The experience with outsourcing is, most typically, for routine activity. There are many examples, however, where strategic outsourcing is used for ‘high value’ activity including the development and maintenance of cutting edge technology within very successful organizations. Outsourcing includes the delivery of products where the outcomes are goods that are of a minimum acceptable quality. Outsourcing also extends to services where the outcomes include key performance indicators (KPIs), which are measurable based on a set of predetermined criteria. In the outsourcing of product components the value is measured by the quality of the tangible goods over a period of time. Service delivery though, is often measured through a ‘moment of value’. It is only during the encounter (or moment of value) between the service provider and the buyer that value is perceived.

Outsourcing is loosely defined as the use of a third party to perform tasks normally performed independently (within the organization). This idea is not new. In fact, the combination of outside expertise and internal resourcing to perform selected tasks is commonly used and has been around for a very long time. The regular use of outsourcing for the IT function, on the other hand, is a development that is relatively recent and that is in line with the use and commoditization of selected IT components over the past few decades.

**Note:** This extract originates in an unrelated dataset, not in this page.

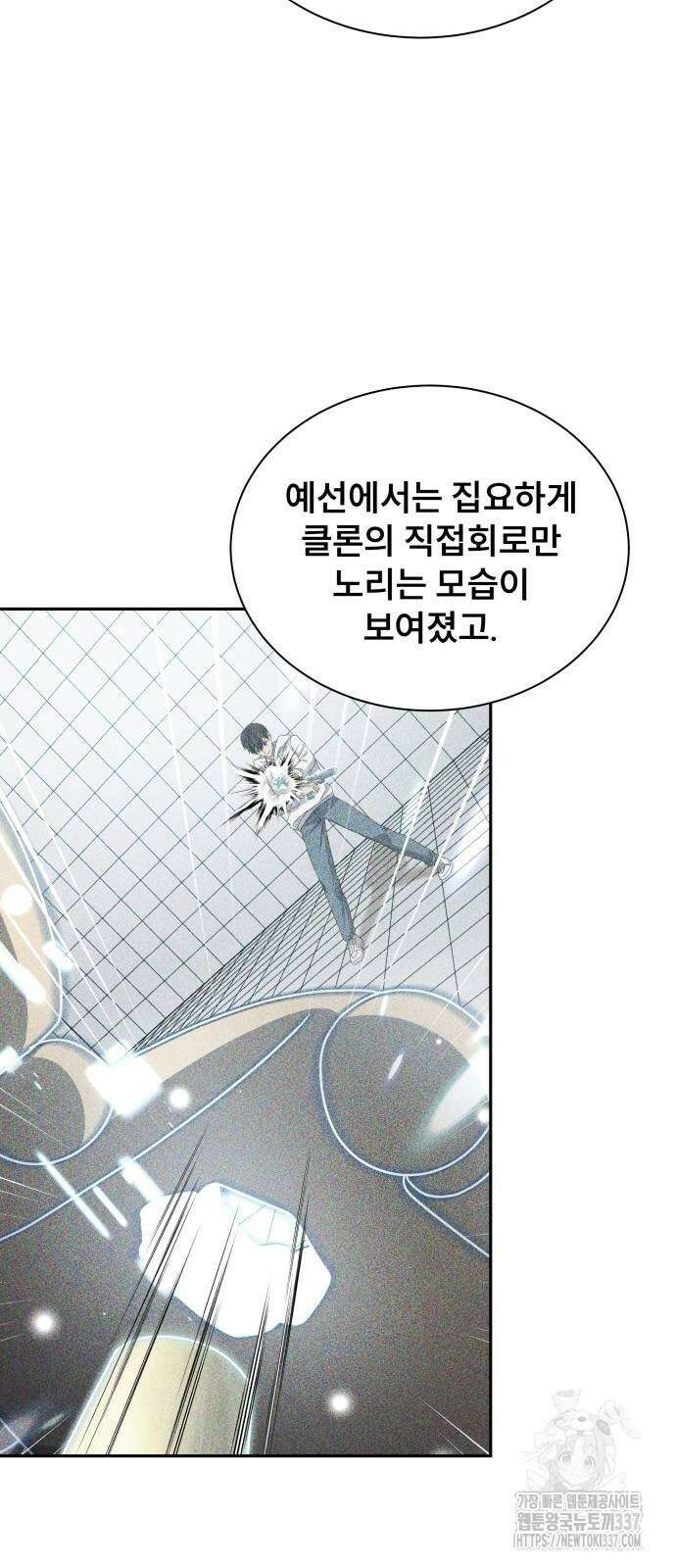 천재 플레이어의 귀환 12화 9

Value provided in an IT outsourcing situation is generally not available until both the supplier and buyer are interacting; where the quality is subjective and quite difficult to measure fairly. The definition and subsequent measurement of value from the provision of services in the IT function therefore need to be agreed and determined via specific measurement criteria such as system downtime, transaction response times, help-desk support and other functions that support the IT function to deliver its contribution to the organizational processes. This becomes a risk factor when organizations have inadequate resources and are unprepared to measure the delivery of the supplier’s services in this way. Suppliers, on the other hand, often take advantage of this inadequacy by reducing the level of service and accept some of the uneven trade in exchange for the increased possibility of unwanted events (risks) such as the delivery of unsatisfactory results for larger profit. This, however, jeopardizes both the supplier and the buyer as both parties are now confronted by higher risk exposure!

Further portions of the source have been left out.